Confirmatory Factor Analysis

We test our 33-item, 11-factor Monetary Intelligence with three sub-constructs using confirmatory factor analyses (CFA). We use the following criteria for evaluating CFA and configural invariance (passing 4 out of 6 criteria): (1) Chi-square and degrees of freedom (χ 2 /df), (2) incremental fit index (IFI > .90), (3) Tucker–Lewis index (TLI > .90), (4) comparative fit index (CFI > .90), (5) standardized root mean square residual (SRMSR < .10), and (6) root mean square error of approximation (RMSEA < .10) (Vandenberg and Lance 2000). We achieve metric invariance when the differences between unconstrained and constrained multi-group confirmatory factor analyses (MGCFAs) are not significant (ΔCFI/ΔRMSEA < .01, Cheung and Rensvold 2002). Table 2 shows a good fit between our measurement model and our data for the whole sample (Model 1). Since we had data from 32 geopolitical entities, we compared our measurement model across three GDP groups using a three-way split: (1) high: GDP > $17,000, n = 2360; nine entities: Australia, Belgium, France, Hong Kong, Italy, Portugal, Singapore, Spain, and the USA; (2) medium: 16,986 ≥ GDP ≥ 5042, n = 1982; 11 entities: Croatia, Hungary, Malta, Malaysia, Mexico, Oman, Slovenia, South Africa, South Korean, Taiwan, and Turkey; and (3) low: GDP < $5040, n = 2244; 12 entities: Brazil, Bulgaria, China, Democratic Republic of Congo, Egypt, Macedonia, Nigeria, Peru, the Philippines, Romania, Russia, and Thailand. We achieved configural (factor structure) invariance for the high, medium, and low GDP groups (Models 2, 3, and 4) and metric (factor loading) invariance due to nonsignificant differences between the measurement models without and with the constraints (setting all factor loadings to be equal across three GDP groups) (Models 5 vs. 6). For the 18-item, 4-factor Pay Satisfaction Questionnaire, we presented results in Models 7 to 12. In both cases (MI and PSQ), the fit indices of the low GDP group were lower than those of the other two groups. We achieved configural and metric invariance across GDP groups for both MI and PSQ.

Table 2 CFA results

RMSEA tends to overreject a true model due to “small sample size” and “model complexity” (Tang et al. 2006a, p. 446). In order to maintain a good sample size to item ratio and reduce model complexity for the whole sample and subsequent multiple-group analyses across subgroups of several variables, we established a parsimonious model (Figs. 1, 2) using 40 items instead of 54 indicators. We included all 33 items for MI, 3 items for life satisfaction, and 4 parcels for PSQ (Pay Level, Raise, Benefits, and Pay Administration). The sample size to item ratio was 165 (6586/40 = 164.65). We incorporated the reliability of each parcel (Pay: Cronbach’s alpha = .90). In our SEM model, the path from the PSQ construct to its measured variable (Factor Pay), .95, equals the square root of the reliability of the measured variable (.90), while the amount of random error to the measured variable (Factor Pay) is the quantity one minus the reliability (.10 = 1–.90). We prepared our Models 13 and 14, accordingly.

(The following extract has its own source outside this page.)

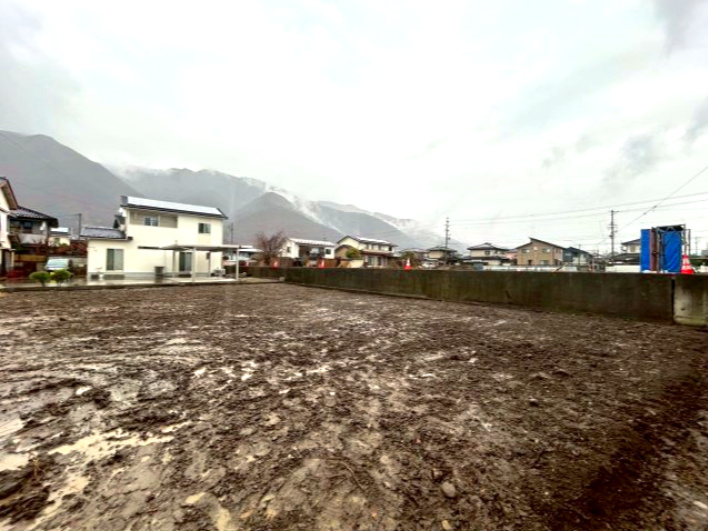 土地　上田市常磐城五丁目の外観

Common Method Variance (CMV)

The common method variance (CMV) problem may have been overstated and reached the status of urban legend (Spector 2006). To deliberately avoid the CMV bias (Podsakoff et al. 2003), we obtained data using different scale anchors for predictors and criterion. We examined CMV in two steps. First, Harman’s single-factor test examines the un-rotated factor solution involving all items of interest in an exploratory factor analysis (EFA). Results showed 12 factors with eigenvalues greater than one. We listed the scale and the amount of variance explained (total = 70.17 %) below: Monetary Intelligence (7.87 %), PSQ and life satisfaction (4.44 %), PSQ (2.64 %), life satisfaction (2.16 %), and items with cross loading (1.82 %, 1.68 %, 1.47 %, 1.35 %, 1.30 %, 1.16 %, 1.12 %, and 1.06 %), demonstrating three separate constructs.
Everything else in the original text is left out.